July 24, 2007

Biting off more than one can chew

Posted by Eric at 10:43 am | Category: Academia, Personal, Science

Part of the problem with looking at a field like computational biology or systems biology (which I have some interest in) is that it’s hard to figure out how to narrow the field into one project that I can do for graduate school.

In synthetic organic chemistry, this was a relatively easy proposition. Pick a molecule, not too big, not too small, with interesting complexity, and make it. Then you’re done with your Ph.D. (course, this is much easier said than done). In traditional biochemistry, molecular biology, or cell biology, you’d focus on one protein, one pathway, one set of activities, one phenotype, and then figure out what they do, how they interact, what affects them, etc. When you generate enough publications and have a good, detailed story to tell about the systems, you’re done.
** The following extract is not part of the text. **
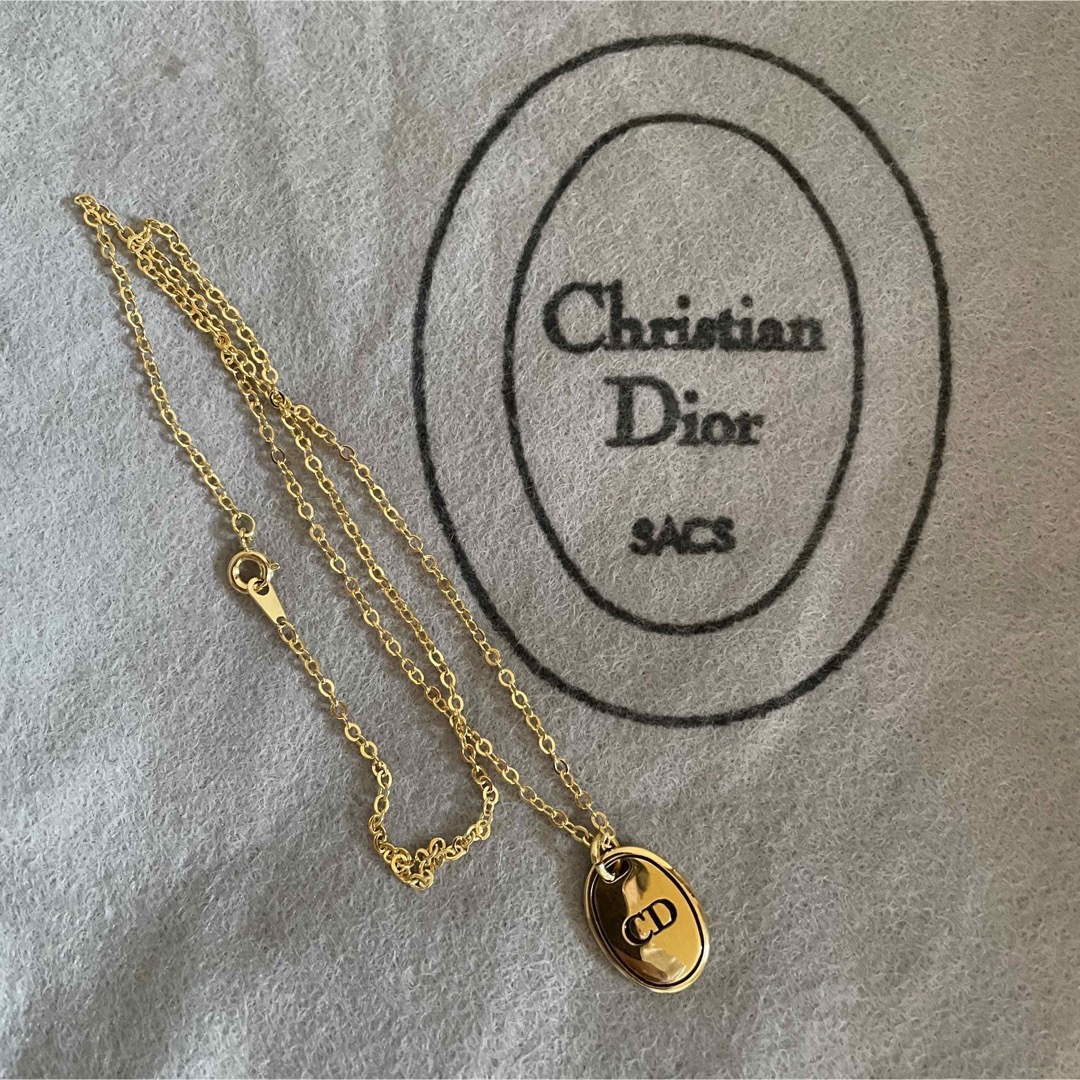 美品✨Christian Dior CDロゴ ラインストーンネックレスディオール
But computational biology feels like a whole ‘nother thing. It’s probably because I’m still not quite as familiar with that field, but it seems very methodological, more than anything else, and so it’s hard to find a particular angle to break down the problem and get a story out of it for a thesis. There’s not just one specific model system to work on, or one biochemical system that one can mine. At some point, it feels a little arbitrary, that you choose a system hoping that your hammer will find a nail you can hit; it could be that you choose wrong and just get screwed (I couldn’t help myself with that pun).

I remember reading about Eugene Shakhnovich’s work on protein folding, and he always had a particular angle to hit the topic with: his lattice folded proteins. One of the professors that I talked to at my new university tends to focus on bacterial chemotaxis. I need a good focus point by which to approach the field. Large-scale topics for data-mining, such as the ENCODE project, just seem too big for me to do as part of my Ph.D. project, and it would probably make my Ph.D. drag on and on in a way that would both make me depressed and make my work harder.

Perhaps I can find a particular algorithm to work on, if I decide to do a “big biology” sort of project. A particular technique, perhaps? I feel like doing a particular methodology is the only manageable way to approach “looking at systems-level behavior.” Otherwise, you’re relying on luck (pick a system and hope you can use your hammer). Because systems biology isn’t really a field, right? It’s just a methodology.

Maybe that’s why people like the reductionist mode of research so much? At least it’s easy to find a story to tell. I guess it’s a little like history. Everyone wants a handle, some sort of focal point. So you get focal points, like Alexander the Great, or Napolean. Even when studying social trends and situations, such as poverty and crime, you get the Italian Mafia, Tammany Hall, Five Points. Focal points.

So here I am, trying to wade through the literature and find a good focus.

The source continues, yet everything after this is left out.